At its peak in the 1930s, Italian Harlem held around 100,000 Italian-American residents, a number that dwarfed the population of Little Italy or any other Italian neighbourhood in New York. It was a city within a city, with its own commercial infrastructure, its own parish network, its own press, its own political machine, and its own internal geography of regional communities: the Neapolitans on one set of blocks, the Sicilians on another, the Abruzzese on a third.
Almost none of this survives. The Italian community of East Harlem dispersed more completely than any other New York Italian neighbourhood. A Puerto Rican population began arriving in the 1940s and expanded rapidly in the 1950s; the post-war Italian-American generation had the economic resources to move to the suburbs and did. By 1970 Italian Harlem was already a memory. By 1980 it had largely vanished from the map. The street that Italian Harlemnites called Via Regale is now Spanish Harlem — El Barrio — and the Italian presence is reduced to the annual Feast of Our Lady of Mount Carmel and a handful of red-sauce restaurants on 116th Street.
The spiritual centre of Italian Harlem was Our Lady of Mount Carmel Church at 448 East 115th Street, founded in 1884 as the first Italian national parish in New York. The church served the Neapolitan and Sicilian immigrant population of East Harlem for over a century and remains standing today, though the congregation that built it is gone.
The Feast of Our Lady of Mount Carmel, held annually in July, was the defining public event of Italian Harlem. The feast — which began in 1881, before the church was even built — is the procession of the statue of the Madonna through the streets of the neighbourhood, with the ritual of devotees carrying the heavy statue, pinning money to the dress of the icon, and celebrating the miracle-working power associated with Our Lady of Mount Carmel in Southern Italian Catholic tradition.
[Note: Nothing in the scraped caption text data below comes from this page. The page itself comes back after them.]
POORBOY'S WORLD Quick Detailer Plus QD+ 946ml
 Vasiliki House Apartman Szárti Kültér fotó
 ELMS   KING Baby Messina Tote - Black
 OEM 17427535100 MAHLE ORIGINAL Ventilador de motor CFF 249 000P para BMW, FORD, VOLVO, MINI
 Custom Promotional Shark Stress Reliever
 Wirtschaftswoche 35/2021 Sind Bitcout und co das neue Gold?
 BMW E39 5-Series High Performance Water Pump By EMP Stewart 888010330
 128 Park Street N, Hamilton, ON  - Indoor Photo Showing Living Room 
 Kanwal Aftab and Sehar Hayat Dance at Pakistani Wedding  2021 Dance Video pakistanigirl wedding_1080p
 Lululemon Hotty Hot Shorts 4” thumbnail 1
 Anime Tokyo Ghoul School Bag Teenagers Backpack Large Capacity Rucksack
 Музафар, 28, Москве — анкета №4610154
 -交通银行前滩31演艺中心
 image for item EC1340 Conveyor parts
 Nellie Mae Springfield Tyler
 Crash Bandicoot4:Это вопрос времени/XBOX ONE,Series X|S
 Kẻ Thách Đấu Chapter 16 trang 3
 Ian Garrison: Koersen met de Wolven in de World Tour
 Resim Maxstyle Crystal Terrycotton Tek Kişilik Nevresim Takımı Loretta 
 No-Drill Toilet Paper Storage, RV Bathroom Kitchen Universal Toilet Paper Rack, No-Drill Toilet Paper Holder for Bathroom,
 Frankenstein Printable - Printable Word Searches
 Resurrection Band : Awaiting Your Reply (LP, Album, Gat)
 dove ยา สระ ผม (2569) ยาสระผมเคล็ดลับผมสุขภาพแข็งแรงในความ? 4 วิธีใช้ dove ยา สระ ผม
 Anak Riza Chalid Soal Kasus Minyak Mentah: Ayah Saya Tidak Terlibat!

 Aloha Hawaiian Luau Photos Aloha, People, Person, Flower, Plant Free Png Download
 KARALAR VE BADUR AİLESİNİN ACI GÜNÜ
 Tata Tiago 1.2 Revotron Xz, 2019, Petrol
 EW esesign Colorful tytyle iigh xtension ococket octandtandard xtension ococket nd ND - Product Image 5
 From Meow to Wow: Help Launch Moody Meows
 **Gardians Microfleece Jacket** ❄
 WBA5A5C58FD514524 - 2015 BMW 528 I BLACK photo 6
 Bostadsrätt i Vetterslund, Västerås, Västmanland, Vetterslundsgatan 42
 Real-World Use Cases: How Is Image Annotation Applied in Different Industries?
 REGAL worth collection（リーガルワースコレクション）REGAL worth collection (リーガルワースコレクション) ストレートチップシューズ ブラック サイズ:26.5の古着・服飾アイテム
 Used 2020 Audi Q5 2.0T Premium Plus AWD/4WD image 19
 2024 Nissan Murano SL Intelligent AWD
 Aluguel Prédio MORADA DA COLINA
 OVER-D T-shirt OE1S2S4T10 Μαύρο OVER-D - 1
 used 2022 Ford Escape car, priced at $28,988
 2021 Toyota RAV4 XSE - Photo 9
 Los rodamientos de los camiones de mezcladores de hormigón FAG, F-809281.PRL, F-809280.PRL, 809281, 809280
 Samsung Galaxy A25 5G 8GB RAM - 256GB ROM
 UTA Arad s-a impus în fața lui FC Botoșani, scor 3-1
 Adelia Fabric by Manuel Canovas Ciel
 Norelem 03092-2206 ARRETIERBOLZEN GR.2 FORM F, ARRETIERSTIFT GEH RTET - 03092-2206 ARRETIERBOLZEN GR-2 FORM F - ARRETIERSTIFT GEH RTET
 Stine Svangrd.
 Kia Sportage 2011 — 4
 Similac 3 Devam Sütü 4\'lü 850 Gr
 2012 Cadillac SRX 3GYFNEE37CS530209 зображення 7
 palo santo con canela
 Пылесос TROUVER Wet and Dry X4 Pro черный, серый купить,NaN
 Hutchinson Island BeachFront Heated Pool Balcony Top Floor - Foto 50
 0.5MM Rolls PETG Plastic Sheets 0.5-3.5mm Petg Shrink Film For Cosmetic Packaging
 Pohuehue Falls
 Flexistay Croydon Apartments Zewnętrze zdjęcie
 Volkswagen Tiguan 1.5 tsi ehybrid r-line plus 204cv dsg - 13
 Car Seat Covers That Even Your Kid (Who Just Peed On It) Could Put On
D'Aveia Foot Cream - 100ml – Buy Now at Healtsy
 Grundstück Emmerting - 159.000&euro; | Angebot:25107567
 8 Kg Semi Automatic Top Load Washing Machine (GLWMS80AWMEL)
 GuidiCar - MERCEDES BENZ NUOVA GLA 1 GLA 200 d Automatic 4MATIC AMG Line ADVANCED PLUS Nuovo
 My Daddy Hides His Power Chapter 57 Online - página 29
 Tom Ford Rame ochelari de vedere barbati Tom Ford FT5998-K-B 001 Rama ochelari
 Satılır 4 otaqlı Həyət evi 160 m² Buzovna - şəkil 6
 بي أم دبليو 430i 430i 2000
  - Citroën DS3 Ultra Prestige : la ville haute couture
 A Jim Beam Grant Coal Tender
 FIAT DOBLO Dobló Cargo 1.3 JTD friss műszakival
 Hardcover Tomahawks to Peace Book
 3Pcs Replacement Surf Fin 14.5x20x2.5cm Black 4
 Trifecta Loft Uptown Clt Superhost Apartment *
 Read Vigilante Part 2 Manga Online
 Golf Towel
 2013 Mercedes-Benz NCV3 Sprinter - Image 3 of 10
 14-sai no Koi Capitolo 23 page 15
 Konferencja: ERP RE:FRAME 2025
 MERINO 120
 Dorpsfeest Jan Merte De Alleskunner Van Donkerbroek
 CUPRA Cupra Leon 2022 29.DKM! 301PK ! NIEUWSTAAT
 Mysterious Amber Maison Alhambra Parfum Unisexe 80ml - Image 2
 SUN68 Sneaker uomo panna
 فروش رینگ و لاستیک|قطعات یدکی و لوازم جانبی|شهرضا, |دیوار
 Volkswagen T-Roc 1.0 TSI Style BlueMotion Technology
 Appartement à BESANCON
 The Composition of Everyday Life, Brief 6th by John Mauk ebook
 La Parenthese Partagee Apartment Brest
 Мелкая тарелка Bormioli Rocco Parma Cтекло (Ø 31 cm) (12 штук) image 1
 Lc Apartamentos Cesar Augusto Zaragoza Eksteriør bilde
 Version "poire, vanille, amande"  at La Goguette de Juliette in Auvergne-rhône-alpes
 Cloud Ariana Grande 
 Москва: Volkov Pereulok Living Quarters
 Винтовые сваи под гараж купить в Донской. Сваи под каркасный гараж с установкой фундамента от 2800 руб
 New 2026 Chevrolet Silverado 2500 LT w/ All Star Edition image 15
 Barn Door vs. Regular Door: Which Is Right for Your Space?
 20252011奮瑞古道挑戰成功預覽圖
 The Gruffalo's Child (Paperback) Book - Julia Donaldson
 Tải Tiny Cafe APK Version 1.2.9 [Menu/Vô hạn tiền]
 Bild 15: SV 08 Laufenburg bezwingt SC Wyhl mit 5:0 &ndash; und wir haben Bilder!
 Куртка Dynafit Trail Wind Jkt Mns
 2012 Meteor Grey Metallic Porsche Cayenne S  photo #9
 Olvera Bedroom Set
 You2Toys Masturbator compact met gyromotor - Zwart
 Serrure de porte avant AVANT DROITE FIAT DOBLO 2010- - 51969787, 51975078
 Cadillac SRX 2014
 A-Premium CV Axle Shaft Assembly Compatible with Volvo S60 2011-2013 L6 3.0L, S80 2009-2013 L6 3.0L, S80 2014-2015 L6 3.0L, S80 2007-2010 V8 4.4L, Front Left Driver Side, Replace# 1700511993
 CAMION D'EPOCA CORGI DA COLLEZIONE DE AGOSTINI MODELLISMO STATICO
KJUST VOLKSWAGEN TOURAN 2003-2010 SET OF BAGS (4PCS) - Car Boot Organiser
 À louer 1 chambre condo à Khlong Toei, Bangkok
The feast is still held annually at the church, though the neighbourhood that once surrounded it has changed beyond recognition.
Robert Orsi's book The Madonna of 115th Street (1985) is the definitive historical account of Italian Harlem and the faith practices of the community — it remains the best way to understand what the neighbourhood was and what it meant to its inhabitants.
For descendants researching family history in Italian Harlem, the key starting points are: New York City Municipal Archives (birth, marriage, death records); US Census records (1900, 1910, 1920, 1930 census records showing East Harlem addresses); parish archives at Our Lady of Mount Carmel; and naturalization records at ancestry.com and the National Archives in New York City.
The Italian-specific resource is the originating comune — Italian Harlem families came predominantly from the regions of Campania, Sicily, Basilicata, and Abruzzo, and the specific home town is recorded on most naturalization papers and death certificates. Once you have the town name, Antenati (antenati.san.beniculturali.it) gives you access to digitized Italian civil records from 1809.